August 2012

Volume 27 Number 08

C++ - Functional-Style Programming in C++

By David Cravey | August 2012

C++ is a multiparadigm, systems-level language that provides high-level abstractions with very low (often zero) runtime cost. The paradigms commonly associated with C++ include procedural, object-oriented and generic programming. Because C++ provides excellent tools for high-level programming, even functional-style programming is quite reasonable.

By functional-style programming, I don’t mean the programming is strictly functional, just that it’s easy to use many of the functional building blocks in C++. This article will focus on one of the most important functional programming constructs: working with values as opposed to identities. I’ll discuss the strong support C++ has always had for working with values, then show how the new C++ 11 standard expands this support with lambdas. Finally, I’ll introduce a method of working with immutable data structures that maintains the speed C++ is known for while providing the protection that functional languages have long enjoyed.

Values vs. Identities

Let me first explain what I mean by working with values rather than identities. Simple values such as 1, 2 and 3 are easy to identify. I could also say that 1, 2 and 3 are constant integer values. This would be redundant, however, because all values are actually constants and the values themselves never change (that is, 1 is always 1 and 1 will never be 2). On the other hand, the value associated with an identity may change (x might equal 1 now, but it could equal 2 later).

Unfortunately, it’s easy to confuse values and value types. Value types are passed around by value rather than by reference.
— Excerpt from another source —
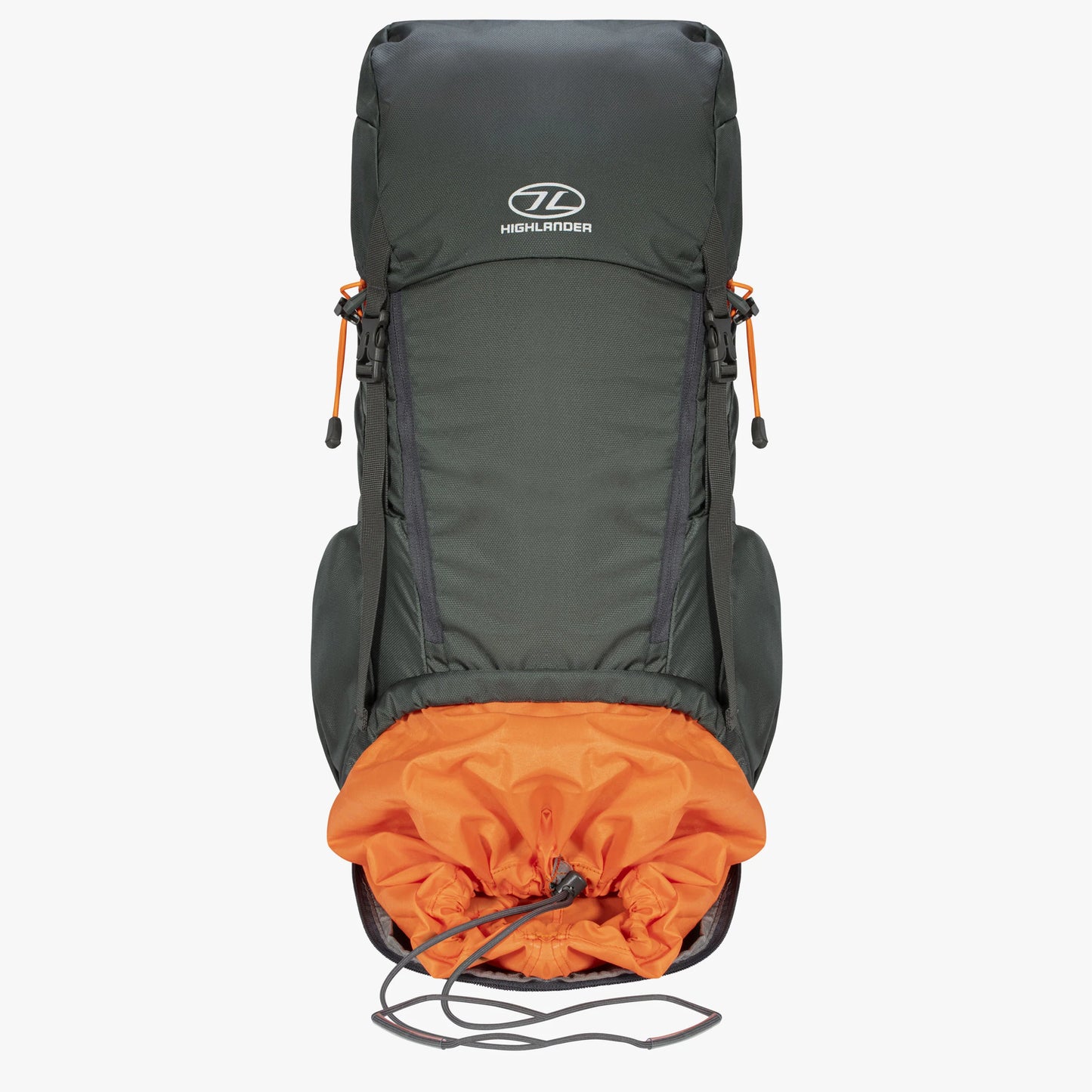 Highlander Ivar 40L Rucksack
Though I want to focus here on the values and not the mechanism involved in using or copying them, it’s useful to see how value types go part way in preserving the concept of values versus identities.

The code in Figure 1 demonstrates a simple use of a value type.

Figure 1 Using a Value Type

void Foo()
{
  for (int x = 0; x < 10; ++x)
  {
    // Call Bar, passing the value of x and not the identity
    Bar(x);
  }
}
void Bar(int y)
{
  // Display the value of y
  cout << y << " ";
  // Change the value that the identity y refers to
  // Note: This will not affect the value that the variable x refers to
  y = y + 1;
}
// Outputs:
// 0 1 2 3 4 5 6 7 8 9

With only a small change, the variable y can become a reference type—which drastically changes the relationship between x and y, as shown in Figure 2.

Figure 2 Using a Reference Type

void Foo()
{
  for (int x = 0; x < 10; ++x)
  {
    // Call Bar, passing the identity of x
    Bar(x);
  }
}
void Bar(int& y)
{
  // Display the value of y
  cout << y << " ";
  // Change the value that the identity y refers to
  // Note: This will affect the variable x
  y = y + 1;
}
// Outputs:
// 0 2 4 6 8

As Figure 3 shows, C++ also provides the const modifier, which prevents the programmer from making changes to a variable and thus further preserves the concept of a value. (As with most things in C++, however, there’s at least one way to defeat that protection. For more information, look up const_cast, which is intended for working with older code that isn’t “const correct.”)

Figure 3 The const Modifier

void Foo()
{
  for (int x = 0; x < 10; ++x)
  {
    // Call Bar, passing the identity of x,
    // yet the value of x will be protected by the const
    Bar(x);
  }
}
void Bar(const int& y)
{
  // Use the value of y
  cout << y << " ";
  // Attempt to change the value of what the identity y refers to
  y = y + 1; // This line will not compile because y is const!
}

Note in Figure 3 that though y is passed by reference, the value of y is protected at compile time by a const modifier. This gives C++ programmers an efficient method of passing large objects while working with their values as opposed to their identities.

With the const modifier, C++ has immutable data types that resemble those found in most functional programming languages. However, dealing with these immutable data types is difficult. Furthermore, making deep (full) copies of large objects for every small change isn’t efficient. Nonetheless, it should be clear that standard C++ has always had a concept of working with values (even if it’s not a very pure concept).

Note that the support for value types extends to user-defined types through copy constructors and assignment operators. C++ copy constructors and assignment operators allow user-defined types to make a deep copy of the object. Keep in mind that while C++ copy constructors can be implemented to make a shallow copy, you’ll have to make sure the value semantics are preserved.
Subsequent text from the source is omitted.